Rozdział 16 "Skandaliczne Uczulenie"
Nico popchnął drewniane drzwi, które otworzyły się, skrzypiąc, po czym wypadły z zawiasów i z głośnym trzaskiem rozbiły się na kamieniach. Wampir przez kilka sekund stał zaskoczony z ręką uniesioną jak w geście pukania.
- Brawo. – powiedział krótko Malcolm i wyprzedził chłopaka. – Jeśli ktokolwiek jeszcze tu był, element zaskoczenia poszedł się jebać.
- A ty jakbyś to zrobił, co? – mruknął Nicodemus, a Cambriel wzruszył ramionami i odparł:
- Z kopa.
Powoli weszli do środka i rozejrzeli się uważnie. Nikogo nie było tu co najmniej od jakichś dziesięciu lat. Meble były całkowicie pożarte przez korniki, ale zachowały się kształty, dzięki czemu chłopcy szybko zorientowali się w rozmieszczeniu pokoju. Nie było żadnych zdjęć, starych ramek, rysunków ani nic, co mogłoby świadczyć o tożsamości mieszkańców.

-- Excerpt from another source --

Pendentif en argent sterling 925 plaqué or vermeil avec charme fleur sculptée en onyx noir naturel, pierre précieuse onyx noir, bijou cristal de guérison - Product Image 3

Cambriel przeszedł do drugiego pomieszczenia, które najpewniej było sypialnią. Na środku stała metalowa konstrukcja, która kształtem przypominała łóżko, ale materac zgnił i teraz wyglądało to jak wielkie gniazdo. Przez myśl przeszło mu, że być może było to legowisko jakiegoś ptaka. Chłopak jak na potwierdzenie własnych przypuszczeń dostrzegł kilka piór, ale były one inne od tych znalezionych w ich pokoju. Były zdecydowanie większe i na dodatek białe.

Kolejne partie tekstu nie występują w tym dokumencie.